It's 08:21 and there's breakfast and a packed lunch to ponder. Not to mention the possibility of my Blu-ray of Twiglet #4 turning up (thank you, Junior) though my walking companion watched his copy last night and tells me he was severely disappointed. (The fourth book is, after all, very different from the earlier three though it's also the one I liked best.)

In more primitive...

... times, (in October 1999, to be precise) Channel 4 transmitted the first comprehensive UK TV history of pornography some ten years after its producer, Fenton Bailey, originally pitched2 the idea. This must be one of the harsher examples of a production lingering in "development hell." Part of the agonising was simply over the title. "Was this to be a history of porn or erotica? As art critic Edward Lucie-Smith points out, parents have no problem looking at Bronzino's Venus, Cupid, Folly and Time, (aka Allegory of Lust, by Agnolo Bronzino, 1545) which depicts a naked woman being French-kissed by a naked boy who is not only underage but also her son, while they are having kittens about their kids seeing things on the Internet."

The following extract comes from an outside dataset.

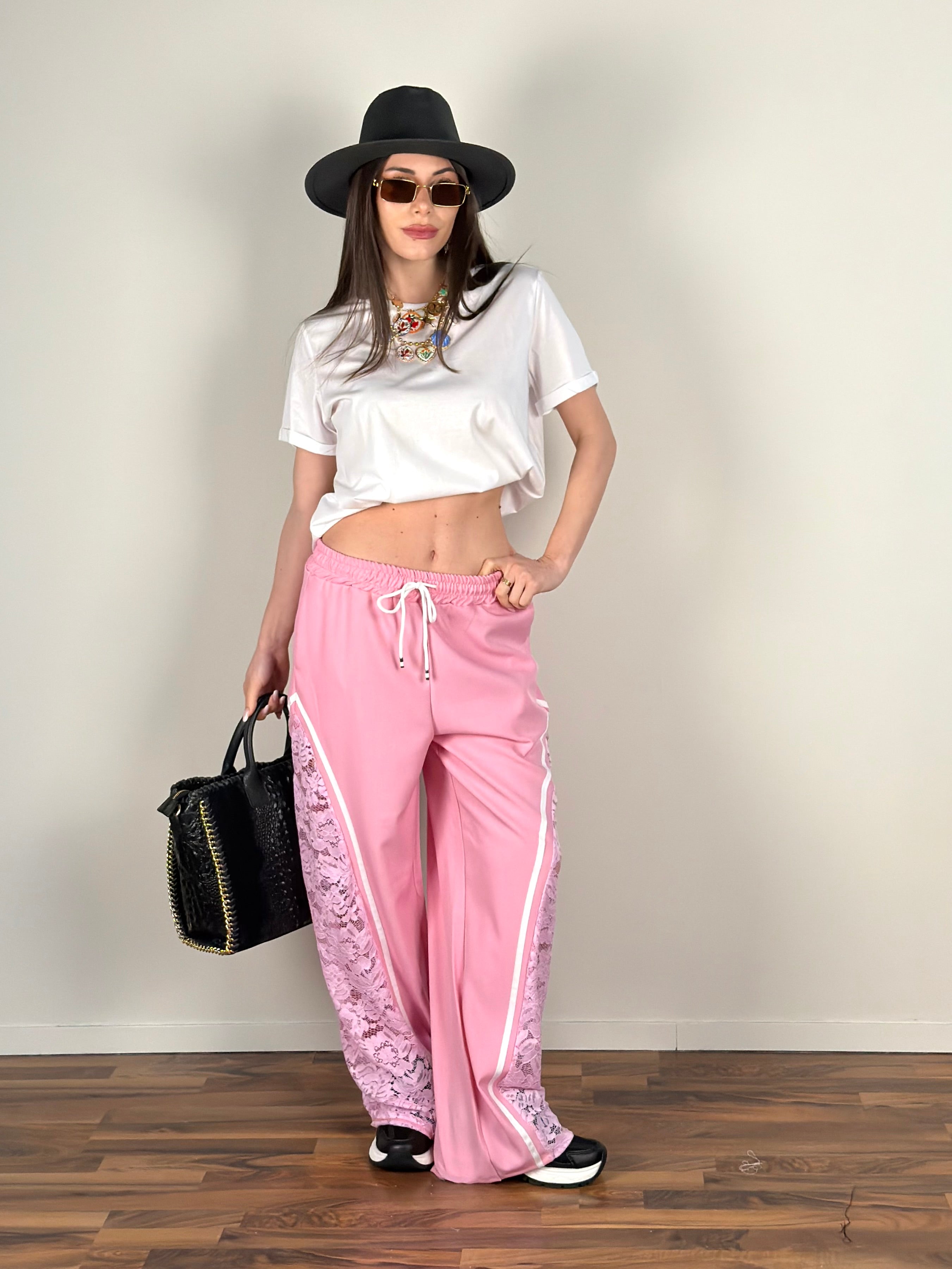 Pantalone tuta pizzo rosa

Fast forward to today, and the "work" of an Italian artist yclept Anna Utopia Giordano who has been reworking some classic nudes to align them with more "modern" standards of beauty. She's tackled the Bronzino — you can see the original if you click the pic:

Venus, Cupid, Folly and Time

Here are further examples of this artistic vandalism. (My opinion.) And I fairly recently captured an amusing counter-example, using Michelangelo's David, here.

Nice to see...

... AC Grayling ripping into a book, even if I missed its original appearance (I must have been busy):

The questions range over creation, the existence of evil, evolution, intelligent design and most of the other familiar old debating points, plus "How does the death of Jesus save the world?", "Why believe Jesus rose from the dead?" and "How much do you need to believe to be a Christian?"
Since these latter questions premise membership of the asylum already, I shall focus just on the various questions that touch on the relation of science and religion, because the interest attaching to Polkinghorne is that he is a physicist who became a Church of England vicar, which makes people think that he has a special line into the science-religion question. Were he a vicar who gave up the Church of England to become a physicist he would not be regarded as anything more special than sensible; but this is how the world wags.

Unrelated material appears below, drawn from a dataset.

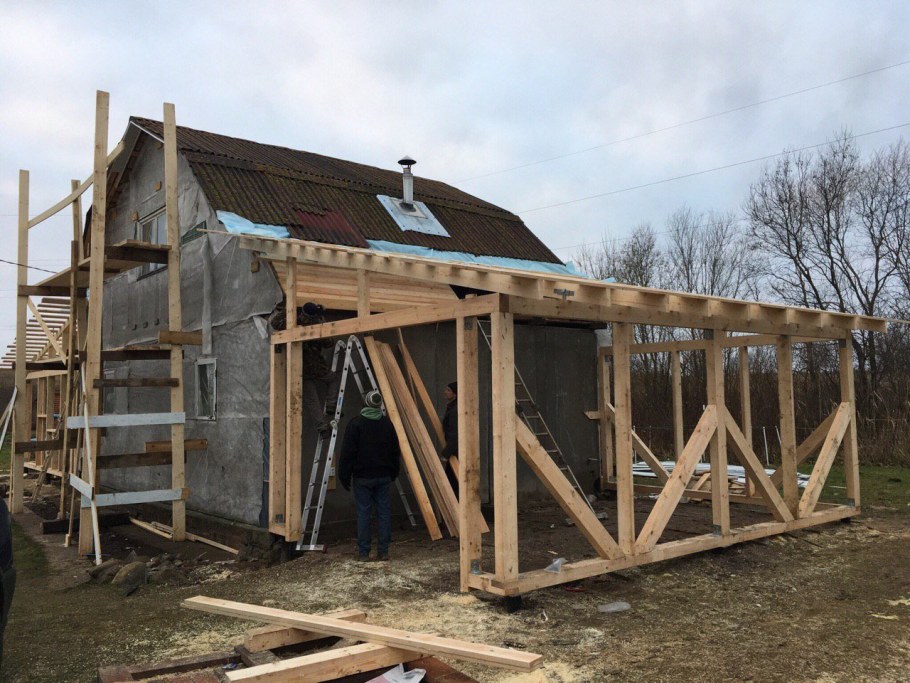 Каркасный гараж пристройка к дому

AC Grayling in New Humanist

I particularly giggled over The gaps-god and best-explanation strategies (which both come down to "we don't know the answer so let's say Fred did it") can be left to sink in the murk of their own fatuity. Who wouldn't?

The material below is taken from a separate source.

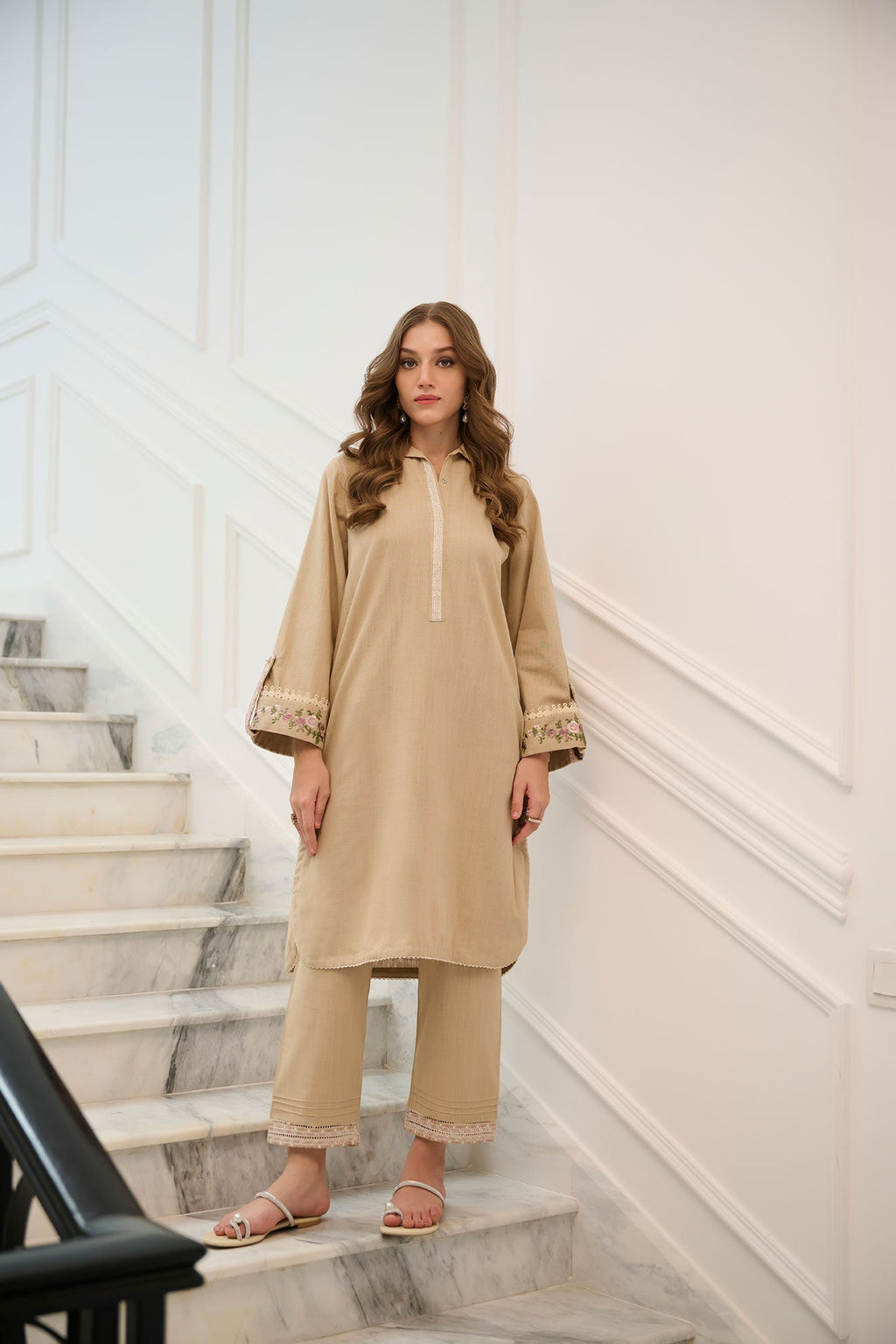 DC-2246 BEIGE 2PCS  EMBROIDERED KURTA WITH TROUSER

Right. Time I wasn't here. The mist seems to be burning off nicely.

Today's walk...

... is by no means the longest one we do, though it starts in Petersfield, so is relatively far-flung. However, the ascent of "Shoulder of Mutton" is a severe test of the calf muscles. There's a view from our lunch bench. (There's a photo of what it looked like in rather clearer conditions in May 2008.) Today's weather was glorious, but very hazy. Still, I'm sure the exercise does us good :-)

After a shower and a cuppa, I almost feel human again, too. It's now 15:31 and I snaffled Mike's copy of Twiglit #4 for my evening pixels. The copy Junior has bought for me has yet to materialise.


... the kerfuffle about a current 'Doonesbury' strip that's characterising Texan laws that mandate sonograms (apparently in a bid to get women wanting abortions to change their minds on seeing an image of a fetus) as "state rape" I can only wish that Texan journalist Molly Ivins was still alive so I could read what she made of it all.



1  Oddly, just like the BBC predicted.
2  In 1981, as a student and co-editor of Isis, the Oxford University magazine, Bailey had reviewed the state of the porn business in an "Empire of the Senses" issue that WH Smith promptly withdrew from its shelves, so he may have had some inkling of what lay ahead.